Late afternoon brought a long climb from a village called Hella Hella, which I enjoyed immensely. My bike computer also gauged grades, and this climb often topped 14 percent, on loose gravel, over nearly 3,000 feet of climbing. Liehann was determined to pedal the whole climb without walking, and I aimed for this as well, although admittedly faltered near the top. The first day clocked in at 114 kilometers with 2,600 meters of climbing. Although there was some tough technical terrain on the grassy powerline trails, deteriorating jeep tracks and cattle trails, most of it was rideable. As it turned out, it was one of the easier full days on the route, although I'm not sure I would have believed it if someone told me this at the time. I was pretty spent as we rolled into Allendale farm, our first support station. In past multiday events, I've become accustomed to either complete self support, or else the bare-bones services you receive in the Iditarod Trail Invitational or Racing the Planet stage events. Freedom Challenge is comparatively luxurious. The woman at Allendale set us up in cabins, did some laundry for us, and prepared a big meal of what would become standard fare out on the trail — chicken pieces, mashed potatoes, rice, mashed pumpkin, peas, and bread. Carby and wonderful. This is one thing I will say about the Freedom Challenge — the food is so good and abundant that it's actually hard to lose weight out there. I lost 15 pounds during the Tour Divide and none in the Freedom Challenge.
The following morning we were raring to go and set off in the frosty darkness about an hour before sunrise. This would be our introduction to "portages" — making our way across a section of land with no real trail. In our early-race excitement to get moving, we messed up the entry and spent more than an hour trying to find our way out of the farm. We could see Steve, Di, and Tracy's headlamps working their way up a hill off to the side and suspected they were just as lost. I had already accepted that a few hours of going nowhere were simply going to be part of this race, so I wasn't too frustrated about it ... yet. But I was nauseated. I had yet to adapt to the long days in the saddle followed by 4 a.m. wakeup calls, and my body was rebelling. I remedied my nausea by stripping off layers and letting my core become chilled. The temperature was a few degrees below freezing and I was in shorts and a single top again, much to the amazement of the South Africans.

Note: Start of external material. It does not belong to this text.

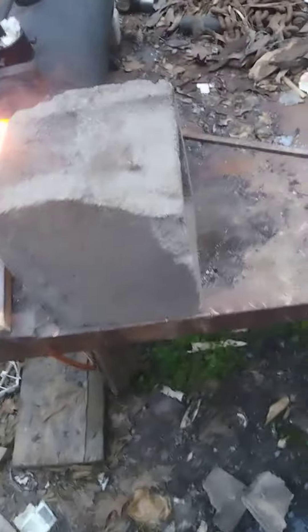Alright guys, we're out in the ghetto forge again tonight. Here's that knife I was working on last night. There's another piece of steel, the other half of that. I kind of shaped it out.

Finally, with my headlamp on high beam, I was able to spot a depression in the grass that proved to be the singletrack cattle trail we were looking for. From there, we worked our way along the contour and into the next valley, climbing over several barbed-wire fences. I struggled to lift my bike, hooked my shorts, and made a joke about my natural awkwardness and terrible climbing skills. These fences were only four feet high. As I laughed at myself, Steve had a smirk on his face that seemed to express a belief that this newbie American had no idea what she was in for. "These fences are nothing," Di said. "Wait until the game gates. They're just as bad and three meters high." I remember her saying this, but I'm not sure I believed her at the time. Who would expect people with loaded mountain bikes to climb three-meter-high fences?
Lunch on day two brought us into a rural mission, where a nun served barley soup and tasty cupcakes. The early days of the race through the Kwazulu-Natal province took us through one village after the next — never densely populated, but there was a sense of always being around people. These villages were populated by Native South Africans —in this area, the Zulu people. Infrastructure was minimal, and there was no running water or electricity in the villages. Subsistence farming appeared to be the main occupation, and it was rare to meet someone in these villages who spoke more than a few words of English or Afrikaans. But everyone was very nice, and the children in school uniforms were well-behaved — we were only bombarded for "money and sweets" a couple of times. I learned the Zulu greeting "sawubona" (I see you) and "unjani" (how are you?) Boys especially were fascinated the gadgets on my handlebars — often when we stopped in a village to look at our maps, that's what they would examine.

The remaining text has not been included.